But at the time, that hunch didn't prove anything. Bin Laden would be well fed, protected and cared for, even along the hostile border with Afghanistan, the analysts concluded. With no reliable informants and no electronic surveillance, there was simply not enough to change the prevailing wisdom. Some in the Counterterrorism Center believed bin Laden was hiding in Dir, a far-flung town on Pakistan's northern border.
"There were many of us who felt increasingly that the Waziristan leads were drying up rapidly," said Rob Dannenberg, the Counterterrorism Center's former chief of operations. "As our technical and human coverage increased in that part of the world, as challenging as it might have been, I think a lot us of felt that it wasn't feasible that he was going to be able hide in that type of environment."

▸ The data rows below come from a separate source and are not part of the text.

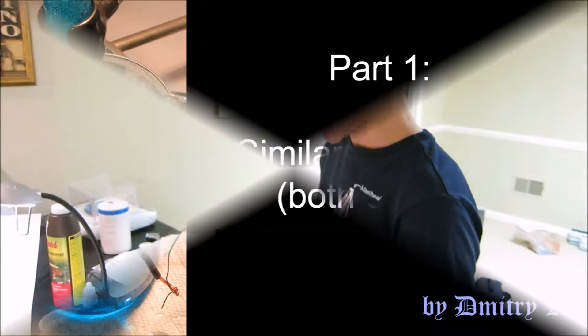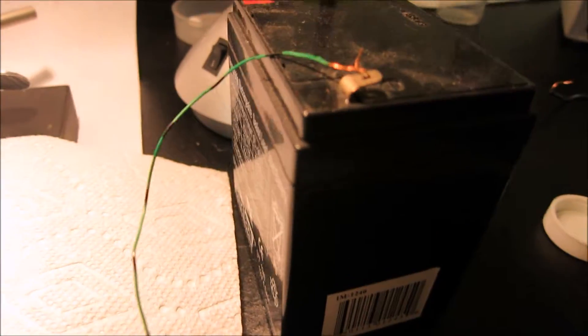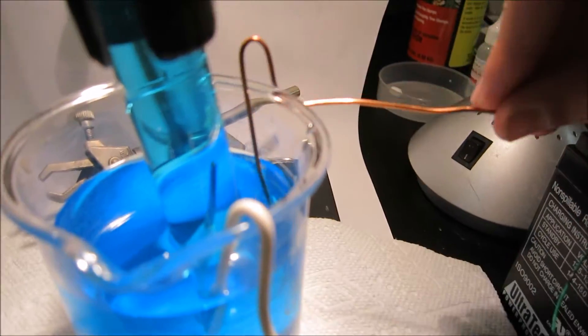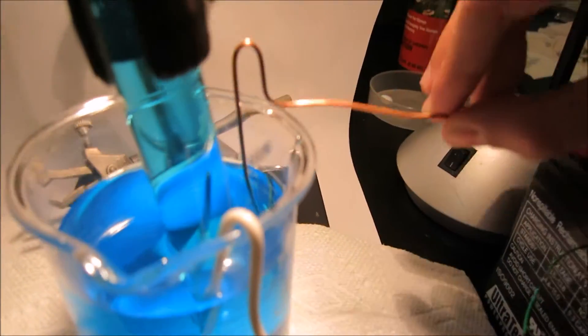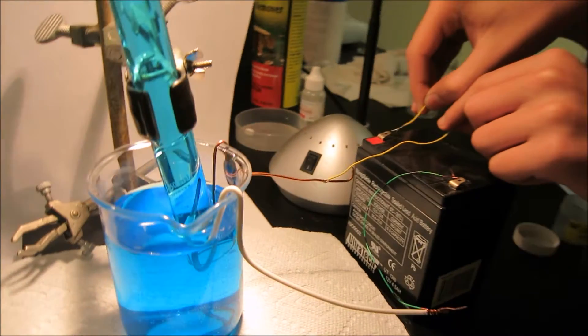Here I have my test tube and I have my negative electrode submerged. If everything goes correctly, we should have oxygen in this test tube. Now let's submerge the other electrode on which I hope to grow some copper. And now let's close the circuit.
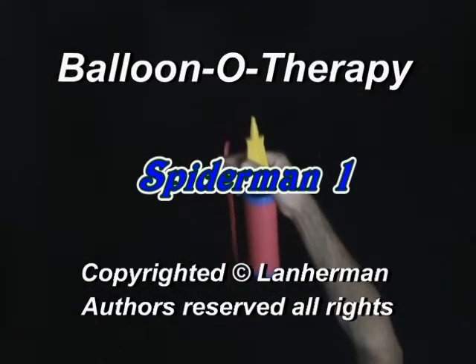Hello. We are going to make a Spider-Man. Inflate a balloon leaving a 6-inch flat tail.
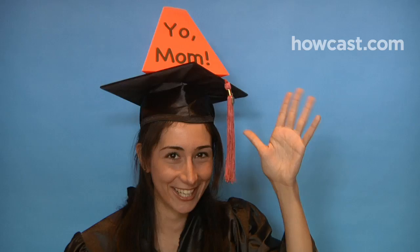Step 1. Think about the statement you want your cap to make. Is your motivation purely aesthetic? Do you want to share a joke with your classmates or send a shout-out to someone in the crowd? Or maybe you have a philanthropic angle, like raising awareness for a cause. Don't play a mean-spirited joke or stir up controversy.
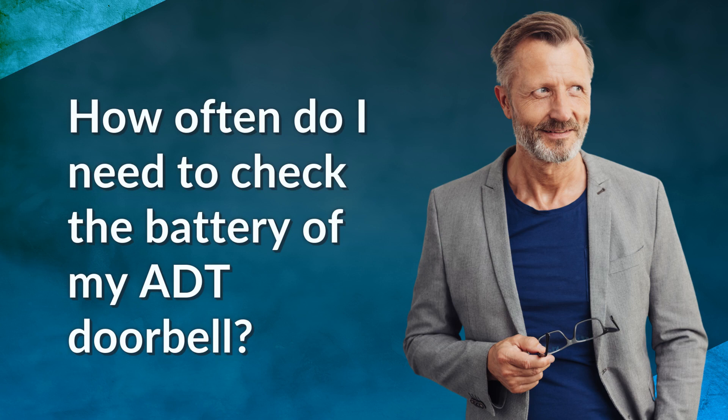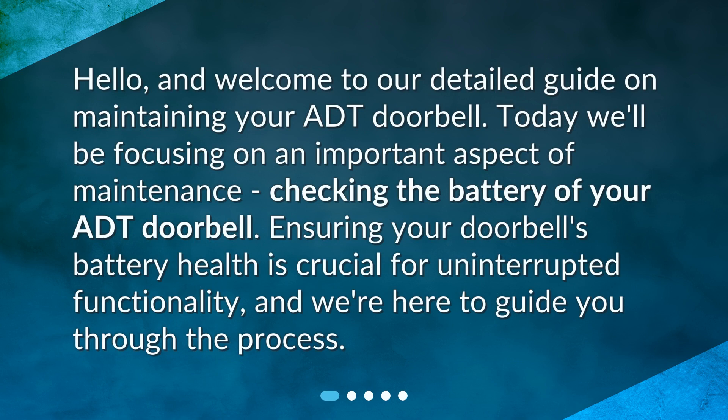How often do I need to check the battery of my ADT doorbell? Hello, and welcome to our detailed guide on maintaining your ADT doorbell. Today we'll be focusing on an important aspect of maintenance: checking the battery of your ADT doorbell. Ensuring your doorbell's battery health is crucial for uninterrupted functionality, and we're here to guide you through the process.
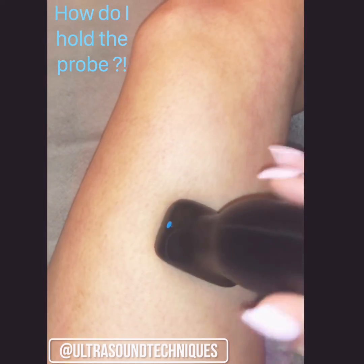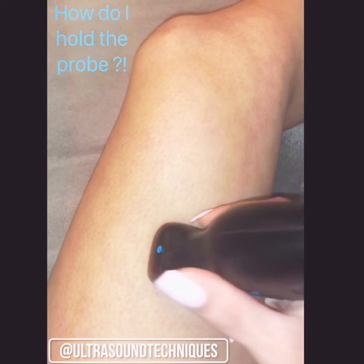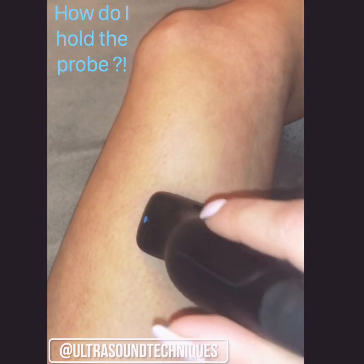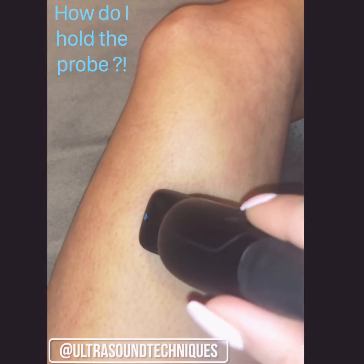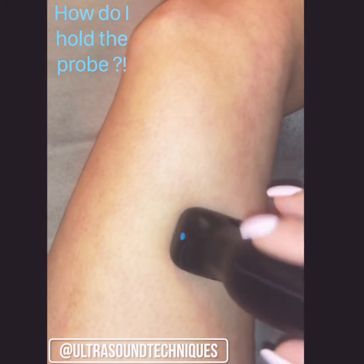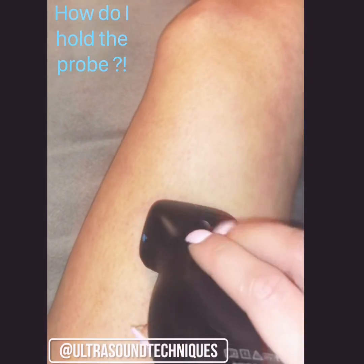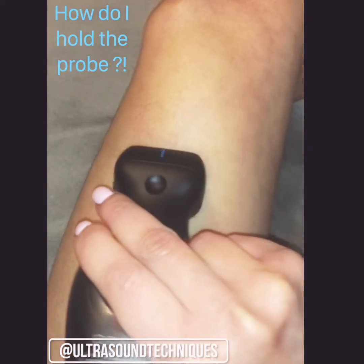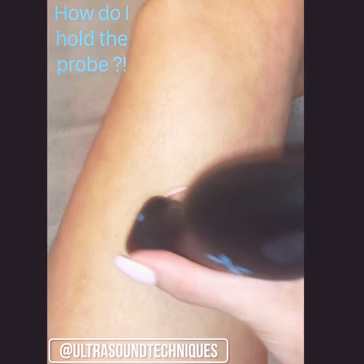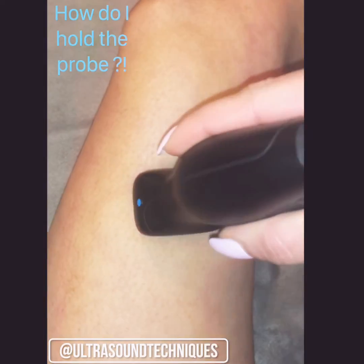For example, some techs hold it like a pencil, a little bit further down. You can even hold it a little bit further up, especially if you're assisting in a biopsy — you don't want to be too close to the needle and you want to give the doctor some room. So you can hold it up here, with all four fingers, in between the second finger, or a little bit lower.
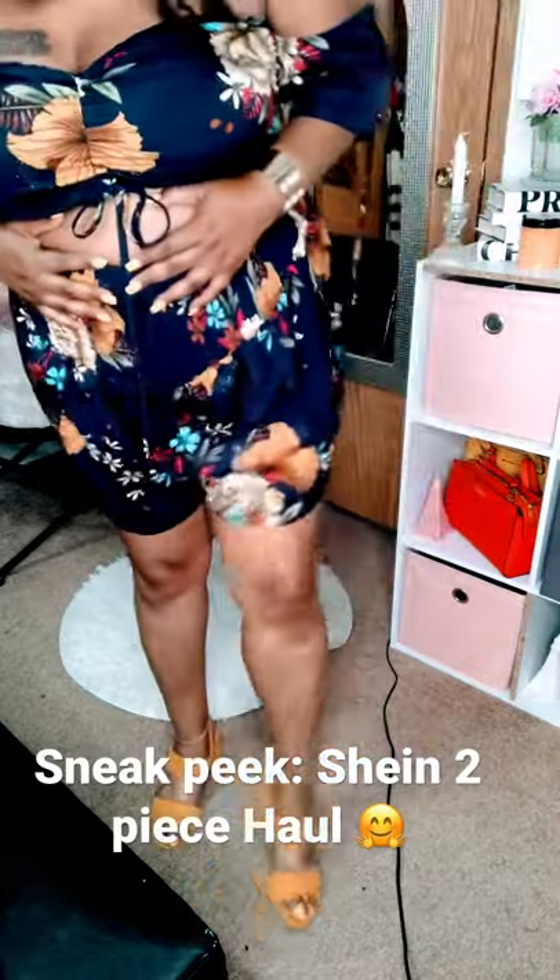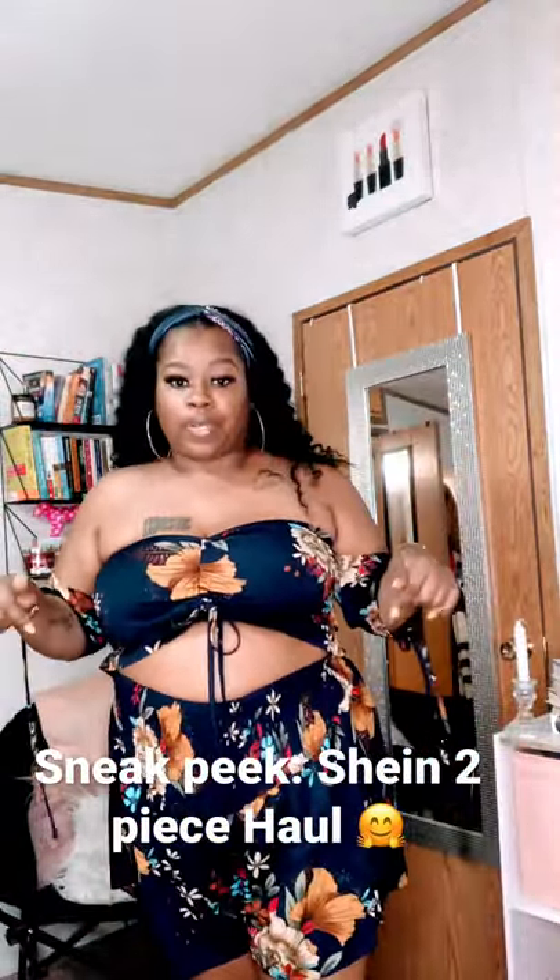Two straps in the front and one strap in the back. And when I say these are the most comfortable heels I've ever worn — y'all, I could wear these heels all day.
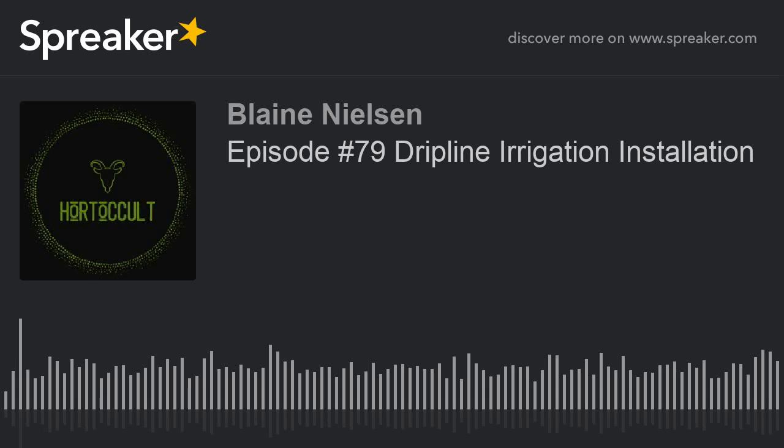What's up everybody? This is Blaine from the Horticult. How y'all doing? And this is Beef Lane. And this is B-Rad. And we are the Horticult.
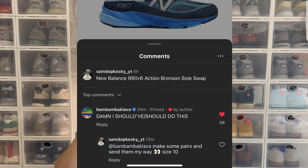I have like 150 followers so I get probably like 15 likes per post. I tagged Action Bronson and was just kind of chilling on my Sunday on Christmas Eve. I wasn't really on my phone, and then I looked at my notifications and saw that Action Bronson had commented and said "damn, I should have — slash — should do this," and I was like, wait, what?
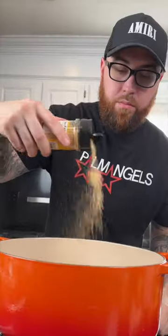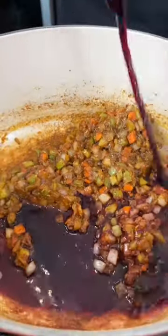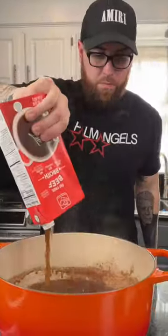We're going in with some Italian seasoning as well, followed by some all-purpose flour to make a roux that's going to thicken our stew. Deglaze that pot with a little dry red wine — because why the hell not, we're here for a good time, not a long time. Next, we're going to add some beef broth, followed by the beef that we seared earlier.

Goss said he was always confident that bin Laden was in northern Pakistan but never had any indication he was in a densely populated area so far to the east.
"It was not the circumstance I thought was the likely one. It was further down the list," Goss said in a telephone interview Wednesday. "That fact, to me, needs more explanation."
U.S. officials have raised questions about whether their Pakistani counterparts knew, or should have known, that bin Laden was hiding in a town that's home to the country's military academy. Pakistan officials have flatly denied that and say they, too, were caught by surprise.
"It is shockingly embarrassing," former Pakistani President Pervez Musharraf told MSNBC on Wednesday.
While the CIA was wrong about the location of bin Laden's hideout, it was absolutely right about how the U.S. would someday get the terrorist mastermind. CIA officers believed for years that bin Laden's vulnerability was his reliance on couriers. In fact, sometime in 2006 or 2007, the agency all but stopped chasing reported bin Laden sightings, which had always been dead ends, and made the couriers the primary focus of their hunt, a former senior intelligence official said.
It was around that time that the CIA had learned the true identity of a trusted courier known by the nom de guerre Abu Ahmed al-Kuwaiti. Piecing together intelligence gathered from captured terrorists over the course of several years, the agency was confident that if it found al-Kuwaiti, it could be the best shot at finding bin Laden.
Finally, in the middle of last year, al-Kuwaiti was caught on a wiretap. He was far from bin Laden's compound, but it was enough to put the CIA on his tail. Last fall, he unwittingly led the agency to bin Laden's doorstep.
When President Barack Obama announced bin Laden's death, former officials said the years of fruitless searches were wiped away.
"People in the agency aren't used to seeing their work in a favorable light on Page One," former CIA Director Michael Hayden said Wednesday. "After this kind of work, this painstaking attention to detail, it's really heartening for them to see the reward for it on the battlefield, and the reward in the minds and heart of the countrymen."
Goss said he got a courtesy call on Sunday, cryptically telling him to watch the news that night. He said it was clear what was about to be announced.
"My feeling was it was certainly worth the wait," he said.